Judex facti dalam menghadapi Dakwan ex pasal 335 K.U.H.P., maka unsur delict dari pasal ini, pihak Jaksa Penuntut Umum harus menguraikan secara rinci, cermat dalam surat dakwaannya. Bilamana tidak, maka Dakwaan Jaksa Penuntut Umum tersebut adalah obscuur Libel. Akibat hukumnya; Judex facti harus menyatakan Dakwaan Jaksa, tidak dapat diterima oleh Pengadilan.
Sebutan kejahatan atau kwalifikasi ex pasal 289 K.U.H.P. adalah “Menyerang Kehormatan Susila”.

Pengadilan Negeri di Bale Bandung: No.08/Pid/B/1993/PN.BB, tgl. 23 September 1993. 
Mahkamah Agung RI: No.552.K/Pid/1994/tgl 28 September 1994. (Majalah Varia Peradilan, Tahun XI, No. 121, Oktober 1995; hal. 73).

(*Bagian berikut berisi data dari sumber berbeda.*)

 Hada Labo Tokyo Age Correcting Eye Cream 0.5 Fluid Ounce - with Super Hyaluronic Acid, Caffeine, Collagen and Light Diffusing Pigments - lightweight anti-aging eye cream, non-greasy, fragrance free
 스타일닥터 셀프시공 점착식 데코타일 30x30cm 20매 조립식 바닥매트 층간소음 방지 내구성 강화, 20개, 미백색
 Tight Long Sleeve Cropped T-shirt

DELICT KESUSILAAN PENERAPAN PASAL 293 KUHP.
Abstrak hukum:
Meskipun tiada hubungan langsung antara seorang anak majikan dengan buruh Pembantu Rumah Tangga dari orang tuanya, maka anak majikan dinyatakan bersalah melakukan Tindak Pidana Ex Pasal 293 (1) KUHP, karena Terdakwa sebagai anak dari majikan telah menyalahgunakan wibawa yang timbul dari hubungan keadaan dimana saksi korban yang baru berusia 15 tahun tersebut adalah Pembantu Rumah Tangga orang tuanya Terdakwa. Dalam status yang demikian itu, maka Terdakwa sebagai anak majikan mempunyai otoritas wibawa terhadap Pembantu Rumah Tangga orang tuanya (Saksi Korban).
Kwalifikasi ex Pasal 293 (1) KUHP sebagai berikut: Dengan menyalahgunakan wibawa yang timbul dari hubungan keadaan dengan sengaja menggerakkan orang lain yang diketahuinya dibawah umur untuk membiarkan dilakukan perbuatan cabul dengan dia.

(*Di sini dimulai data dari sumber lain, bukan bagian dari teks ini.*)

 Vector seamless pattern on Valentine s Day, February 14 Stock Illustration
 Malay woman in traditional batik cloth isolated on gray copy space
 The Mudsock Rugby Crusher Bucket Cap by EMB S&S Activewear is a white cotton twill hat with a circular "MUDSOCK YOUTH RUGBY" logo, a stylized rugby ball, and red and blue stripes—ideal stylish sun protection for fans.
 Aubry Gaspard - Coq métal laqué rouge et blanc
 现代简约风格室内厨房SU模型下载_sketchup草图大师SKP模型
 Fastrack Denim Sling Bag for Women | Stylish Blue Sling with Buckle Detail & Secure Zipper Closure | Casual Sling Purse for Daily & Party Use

Pengadilan Negeri di Medan: No. 550 / Pid. B / 1992 / PN. Mdn, tanggal 10 Pebruari 1993.
Mahkamah Agung RI: No. 1304. K / Pid / 1993, tanggal 27 April 1995. (Majalah Varia Peradilan, Tahun XII, No. 134, November 1996; hal. 66) 

BUKAN PERKARA PIDANA
Abstrak Hukum:
Penjual tanah yang tidak mau menyerahkan tanah yang dijualnya, dengan alasan pembeli belum menyerahkan uangnya, merupakan perkara wanprestasi yang masuk ruang lingkup perdata dan bukan perkara pidana. 

Pengadilan Negeri Raba Bima: No. 48/Pid.B/1996/PN. Rbi, tanggal 24 Juli 1996. 
Pengadilan Tinggi Mataram: No. 90/Pid/1996/PT. Mtr, tanggal 18 Maret 1997.
Mahkamah Agung RI: 1263 K/Pid/1997, tanggal 19 Januari 1998. (Majalah Hukum Varia Peradilan Tahun XIV No. 163 April 1999; hal. 59).

BUKAN KASUS PIDANA MELAINKAN PERKARA PERDATA
Hakim salah menerapkan hukum
Abstrak hukum:
Perbuatan terdakwa yang belum/tidak membayar hutangnya berupa 93 buah invoice atau Airway Bill, dalam rangka pesanan space cargo pengiriman ikan yang diexport melalui jasa freight forwarding PT. Translink, merupakan suatu perbuatan wanprestasi suatu perjanjian, dalam ruang lingkup hukum perdata dan bukan merupakan perbuatan yang melawan hukum dalam lingkup Hukum Pidana.
Keterangan hanya satu orang saksi saja tidak cukup untuk membuktikan bahwa terdakwa bersalah terhadap perbuatan pidana yang didakwakan kepadanya, ex pasal 185 ayat (2) KUHAP. Unus testis nullus testis. 

Pengadilan Negeri Jakarta Pusat: No. 502/Pid.B/1999/PN.Jkt.Pst, tanggal 16 Februari 2000. 
Pengadilan Tinggi DKI Jakarta: No. 66/Pid/2000/PT. DKI, tanggal 23 Mei 2000. 
Mahkamah Agung RI (Kasasi): No. 1720.K/Pid/2000, tanggal 29 November 2001.
Mahkamah Agung RI (Peninjauan Kembali): No. 42-PK/Pid/2002, tanggal 10 Oktober 2002.  (Majalah Hukum Varia Peradilan Tahun XVIII No.215 Agustus 2003; hal. 91).